Leave the images out. Give every line below again, precisely.

- Provided material:

····················

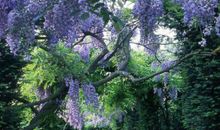 继续，花别凋零_500字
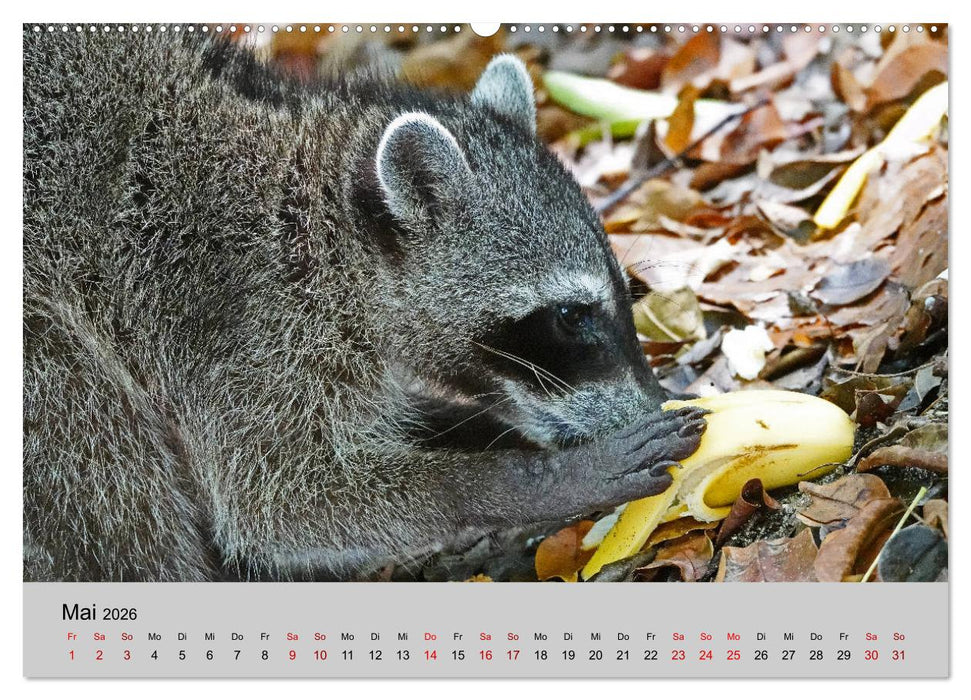 COSTA RICA - Tierische Momente (CALVENDO Wandkalender 2026)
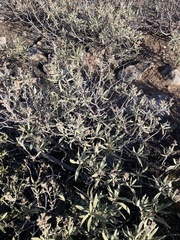 Eriodictyon trichocalyx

····················

- Solution:
 继续，花别凋零_500字
 COSTA RICA - Tierische Momente (CALVENDO Wandkalender 2026)
 Eriodictyon trichocalyx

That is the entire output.